Describing LaMotte in Father, So & Co: My Life at IBM and Beyond, Watson said, "He knew everybody at IBM, young and old, and he had a humane and balanced view of character that was tremendously helpful to me." In 1973, Watson Jr. spoke about LaMotte and three other IBM leaders during his retirement dinner. Watson Jr. stated, "Red LaMotte was in charge of the Washington office for a long time, and he created a happy, dedicated team. There was no one in the company who was more approachable or better liked. Red taught me a lot about morale building, and he helped me understand how to get more enjoyment out of my business life."

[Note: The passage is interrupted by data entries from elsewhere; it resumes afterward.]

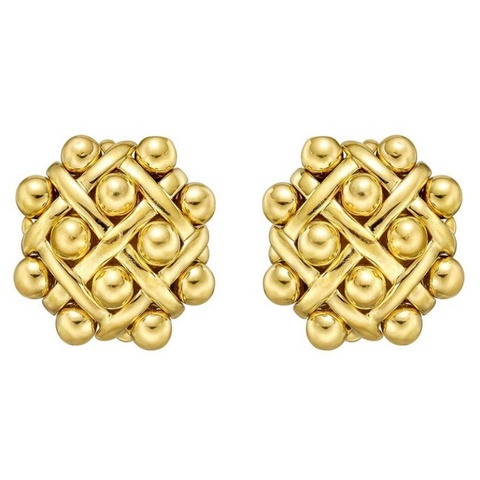 香奈兒（Chanel）古董 18K 金編織交錯珠飾耳夾（Vintage Gold Weave Earclips）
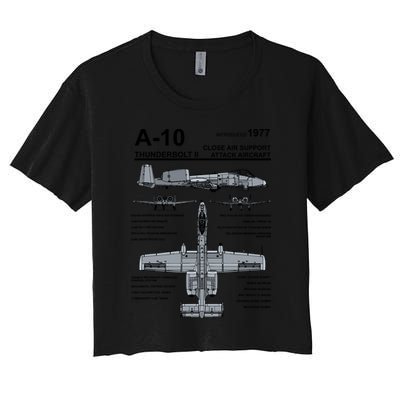 A10 Thunderbolt Ii Warthog Military Jet Spec Diagram Crop Top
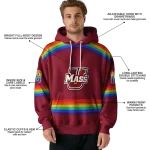 personalized umass minutemen rainbow stripes red hoodie best selling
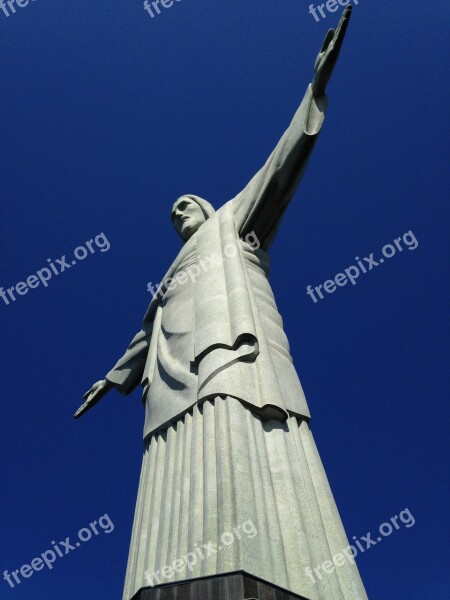 Corcovado Christ Brazil Rio De Janeiro Vacation Wonder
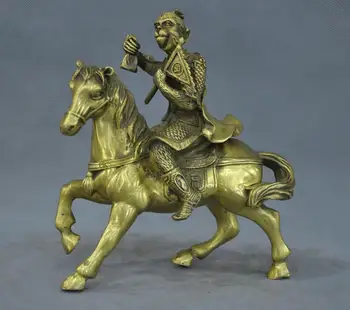 

^# 7'' China Folk Zodiac Monkey Soldier Warrior Ride Horse Bronze Statue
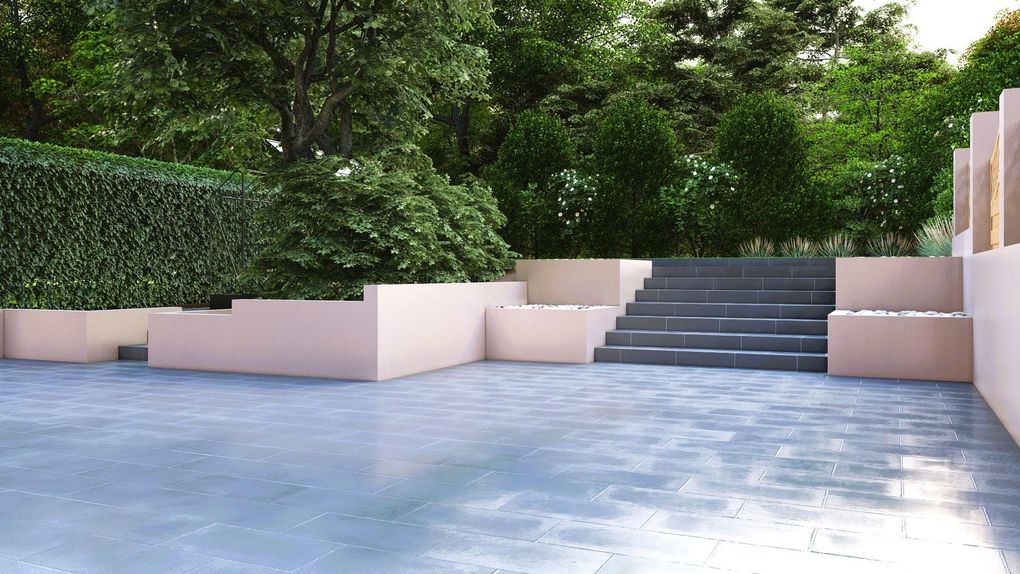 3D render of a wide porcelain terrace with central steps and rendered planters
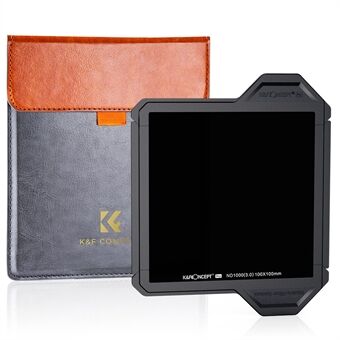 K&F CONCEPT SKU.1809 True Color 100x100x2mm ND1000 fyrkantigt linsfilter HD klar vattentät flerskiktsbeläggning 10-stoppsöppning AGC optisk glaskamera lins ND-filter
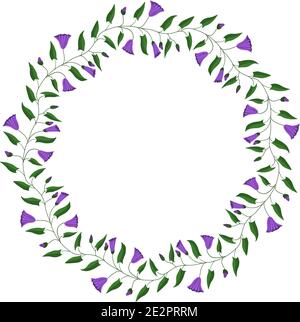 Flower frame. Flowers and leaves of the field bindweed. Vector illustration Stock Vector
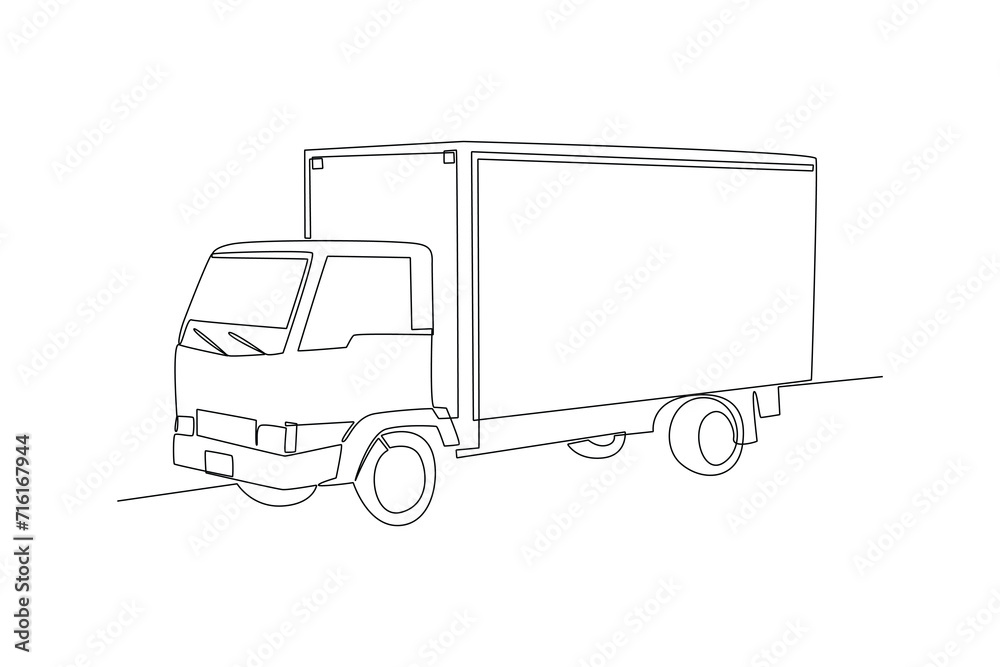 One continuous line drawing of Delivery truck concept. Doodle vector illustration in simple linear style. One continuous line drawing of Delivery truck concept. Doodle vector illustration in simple linear style.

==Relationship to Thomas Watson Sr.==

LaMotte was one of 42 honorary pallbearers at the 1956 tribute to Thomas Watson Sr. In the book Father, Son, & Co: My Life at IBM and Beyond, Watson Jr., described his father's relationship to LaMotte. He stated, "Of all the people at IBM, he was perhaps the only one who moved in the same social world as Dad. He came from a genteel family, rode to the hounds, went to the opera, and belonged to many of the same clubs as T.J. I think Dad was always a little resentful of him. After their reconciliation, they agreed that Red should run the Washington office, which enabled him and Dad to give each other a wide berth."

==IBM Fellowship song==

The 1935 edition of Fellowship Songs of International Business Machines Corporation lists a song dedicated to LaMotte. Identified as song number 36, the IBM song about him has the title of "To L. H. LaMotte, General Manager, T. M. Division". It is set to the tune "My Gal Sal". The song also appears as number 42 in IBM's 1937 songbook. At the time of the song's creation, LaMotte headed the Tabulating Machines Division.

==Hilton Head Hospital==

Louis LaMotte and his wife Lois (Gubelman) helped their son Peter to found Hilton Head Hospital on Hilton Head Island. They served as the largest financial benefactors of the hospital when it opened during the 1970s. The LaMotte Building at Hilton Head Hospital now bears their name.

Peter LaMotte served as chief of trauma surgery and chief of orthopedic surgery at Roosevelt Hospital in Manhattan. He also served as the team physician of the New York Mets baseball team from their opening expansion year of 1962 to 1974.